L'interview de Béji Caïd Essebsi à la chaîne Al-Hiwar Ettounsi, dans la soirée du 13 décembre 2014, a été un grand moment de communication politique. Décryptage...
Par Rachid Barnat
Le candidat au 2e tour de la présidentielle a été clair et net sur tous les sujets évoqués par Hamza Belloumi. Et d'abord, celui de son âge (88 ans), souvent soulevé par ses adversaires.
L'âge qui ne lui pose aucun problème. Bien au contraire, l'homme il tire sa sagesse de sa riche expérience politique, qui lui a permis de mener la première phase de transition démocratique (mars-décembre 2011) de manière pacifique et civilisée, et qu'il a couronnée par des élections libres, pluralistes et transparentes, une première dans le monde dit «arabo-musulman» et saluée comme telle par toutes les vieilles démocraties.

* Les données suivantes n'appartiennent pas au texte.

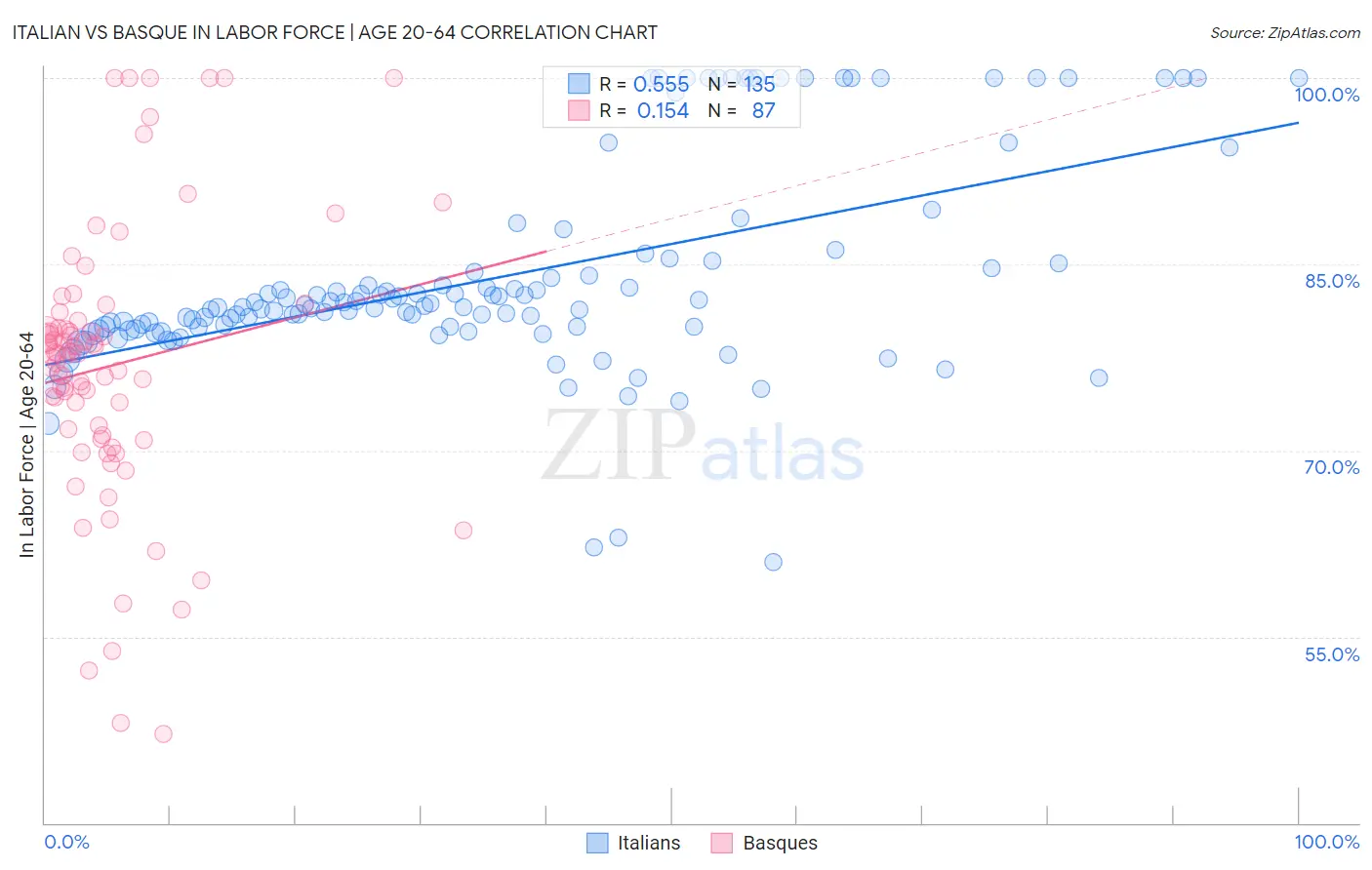 Italian vs Basque In Labor Force | Age 20-64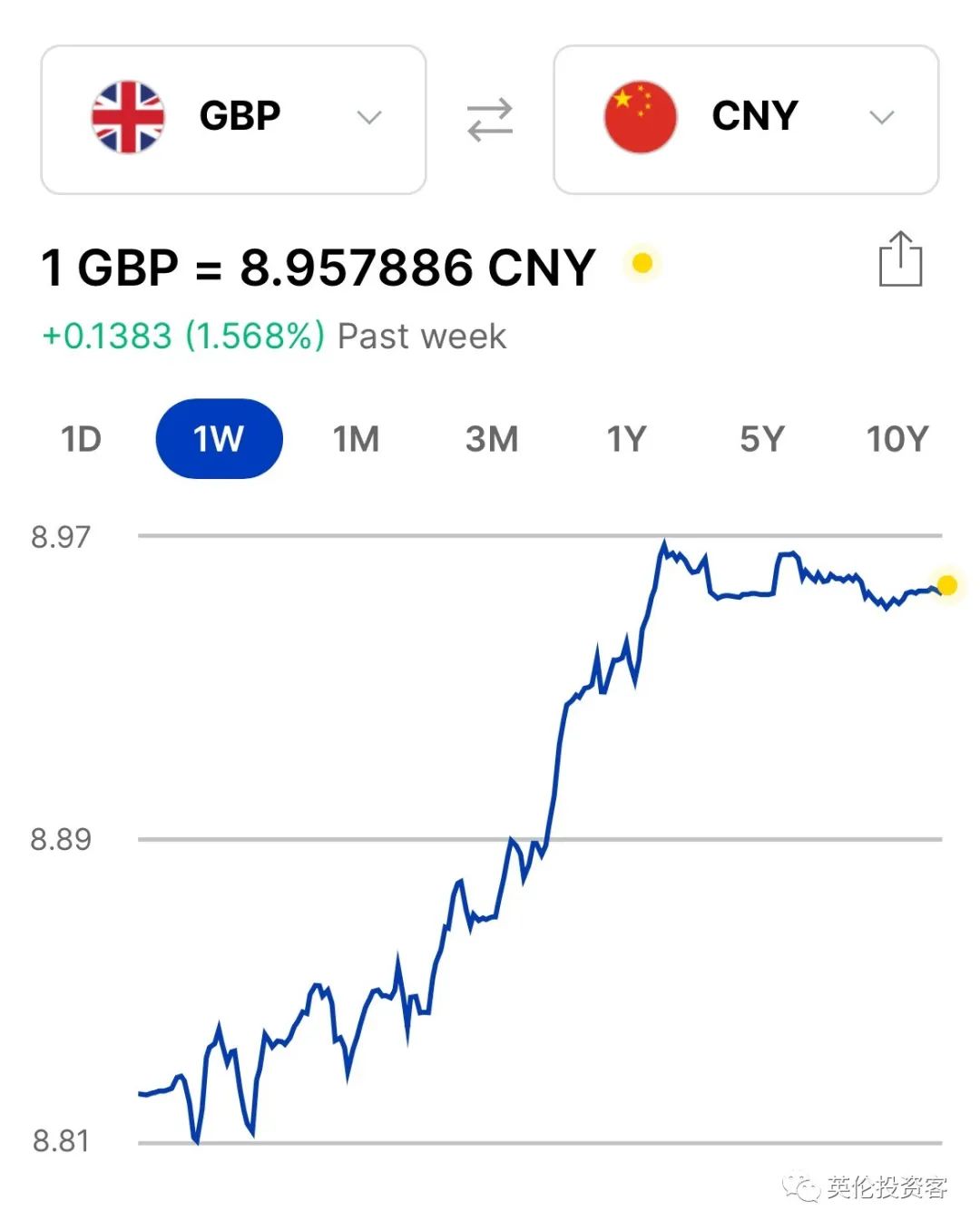 英国加息是利好英镑吗,英国加息英镑是涨还是跌
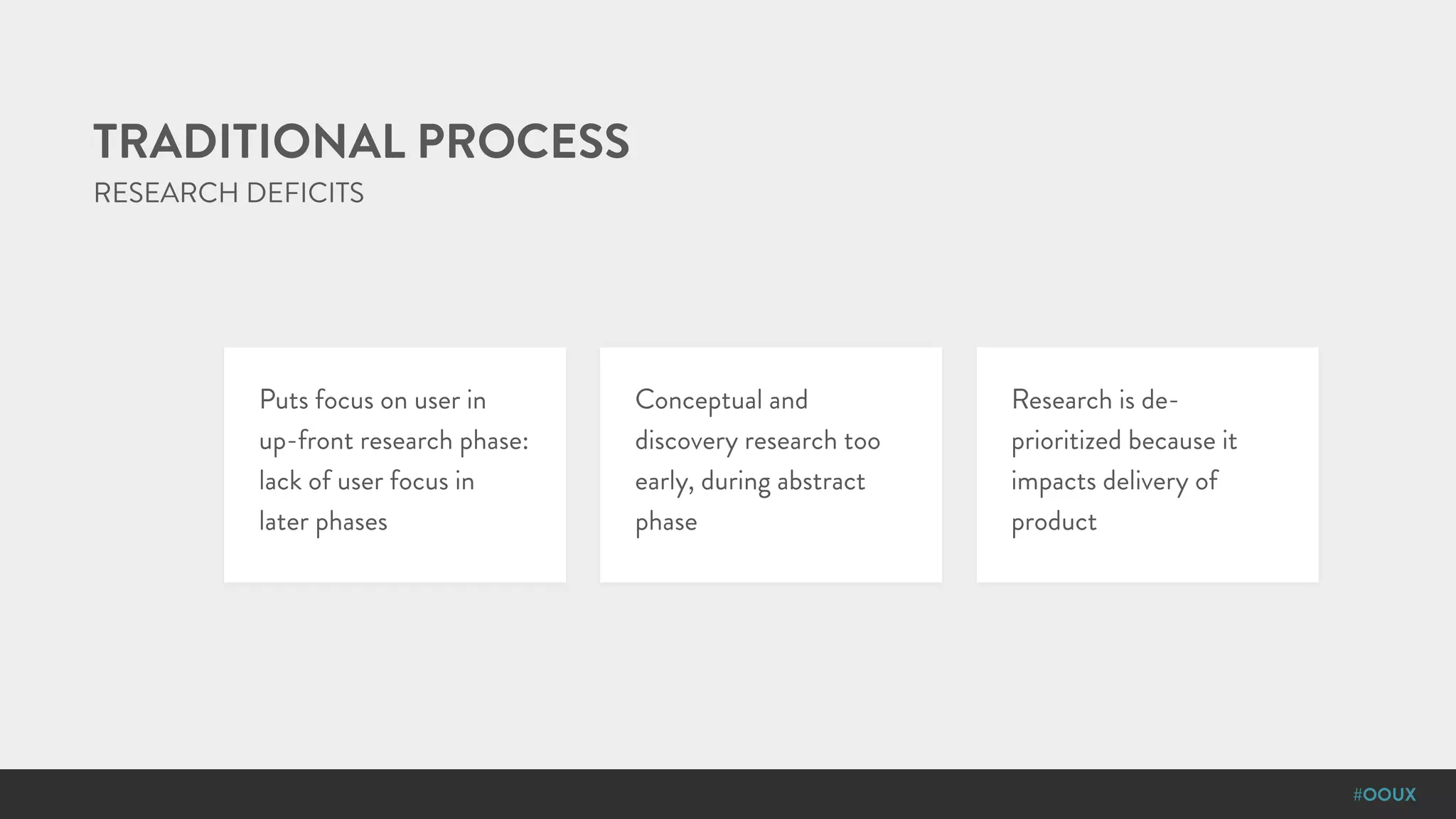#OOUX
RESEARCH DEFICITS
TRADITIONAL PROCESS
Puts focus on user in
up-front research phase:
lack of user focus in
later phases
Conceptual and
discovery research too
early, during abstract
phase
Research is de-
prioritized because it
impacts delivery of
product
 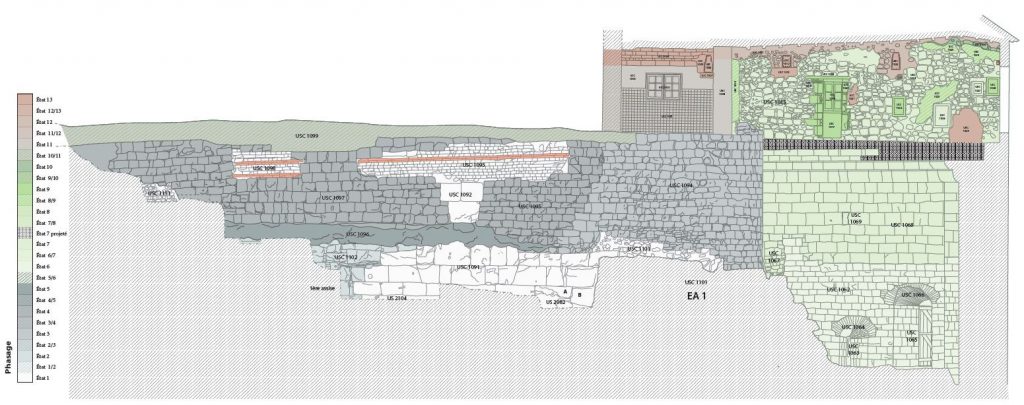 Fig. 1 - Élévation phasée de la portion étudiée de l’enceinte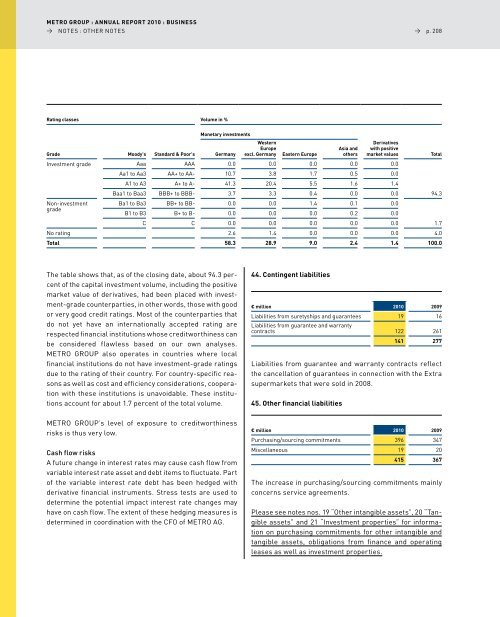 pdf (2.5 MB) - METRO Group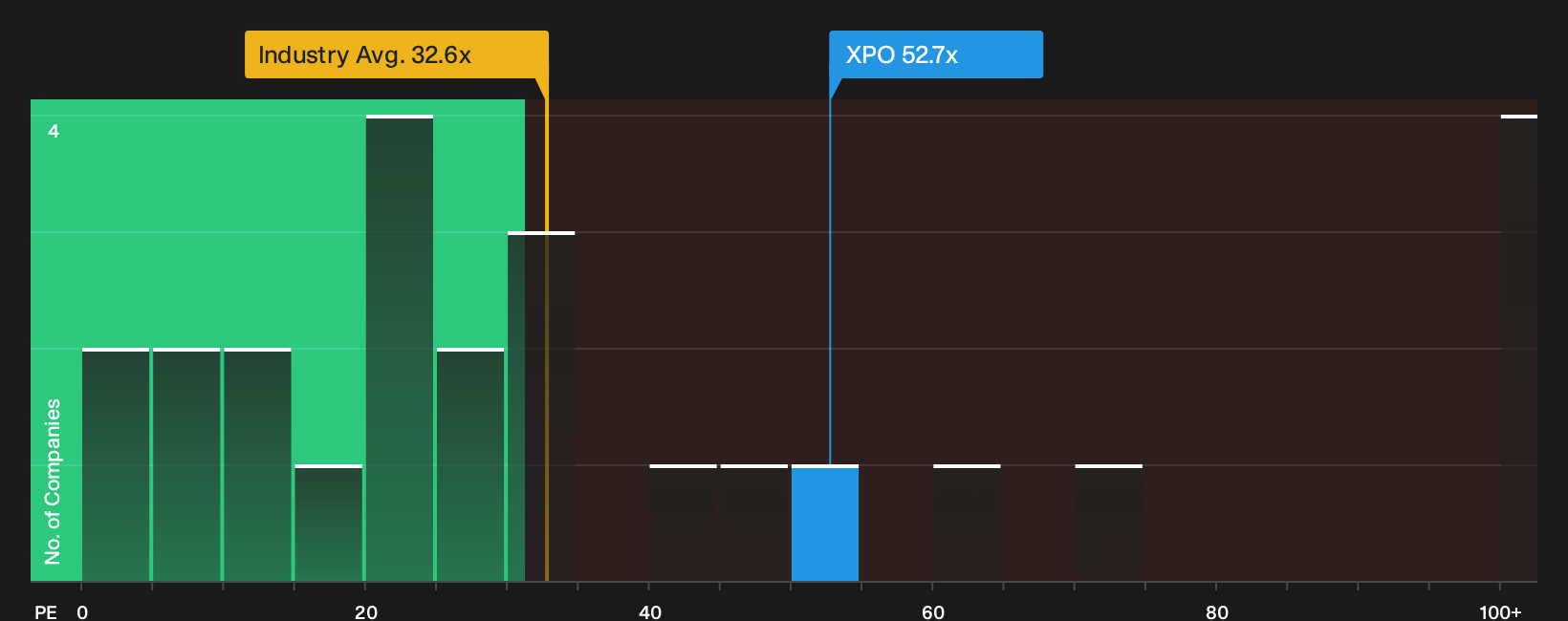 NYSE:XPO P/E Ratio as at Oct 2026
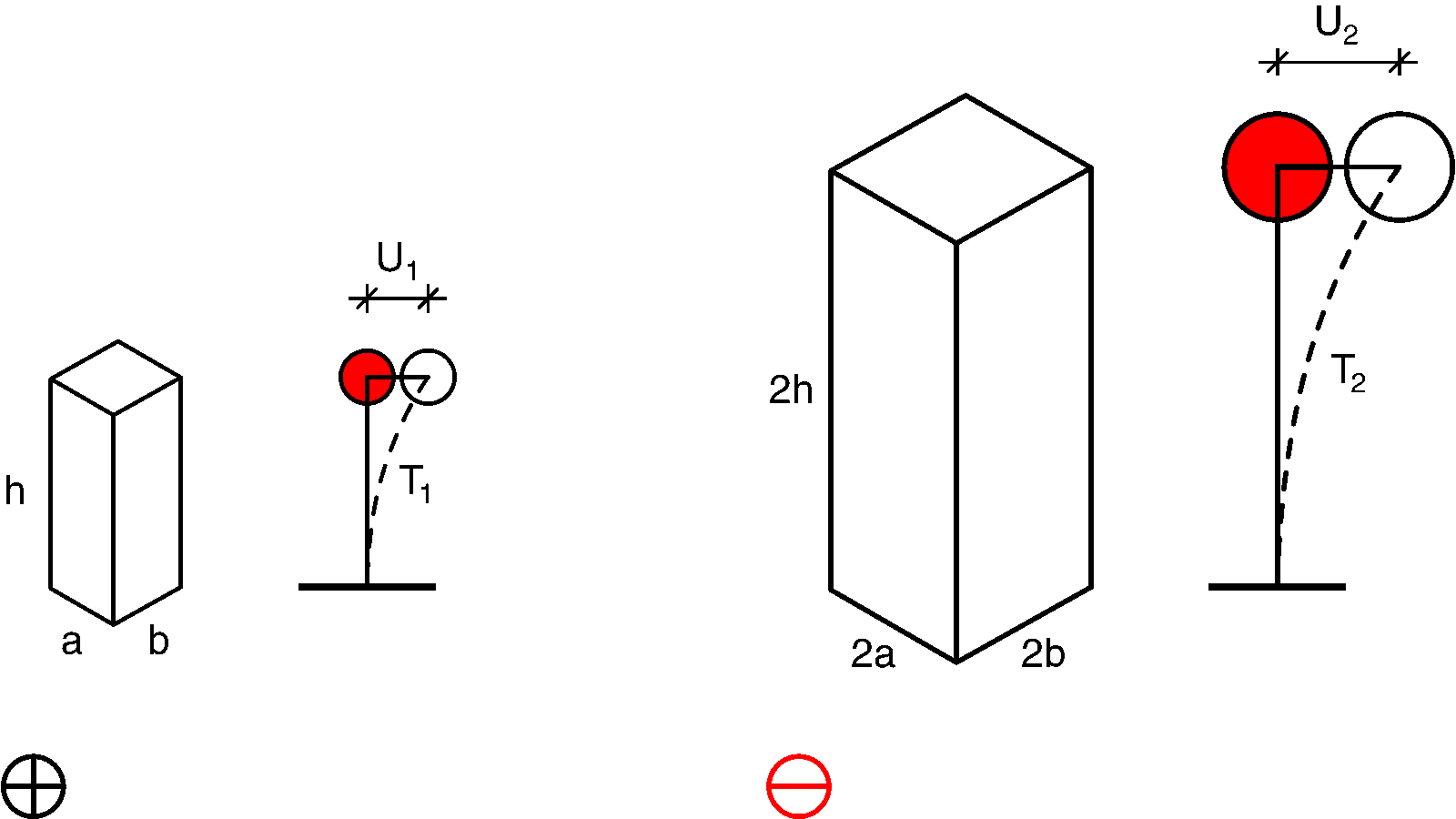 Image: EQ Safe Architecture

A propos de son refus du face-à-face télévisé avec son adversaire Moncef Marzouki, M. Caïd Essebsi a été tout aussi clair : M. Marzouki est impulsif et ne respecte pas les règles du débat démocratique ni la courtoisie élémentaire pour mener quelque débat que ce soit. «On imagine bien ce qu'il pourrait dire. Il est capable de m'insulter. Et comme je n'ai pas la langue dans la poche, je ne manquerais pas de lui répondre du tac au tac. Le débat risquerait alors de dégénérer et cela donnerait une piteuse image aux Tunisiens», a-t-il expliqué.
A propos de ses rapports avec Ennahdha, M. Caïd Essebsi a dit qu'il n'a fait que respecter le choix des Tunisiens en acceptant que la vice-présidence du nouveau parlement soit accordée à ce parti. Il se devait de traiter correctement le deuxième parti en nombre de sièges au parlement, ce qui ne veut pas dire qu'il partagera le pouvoir avec lui, a-t-il tenu à préciser.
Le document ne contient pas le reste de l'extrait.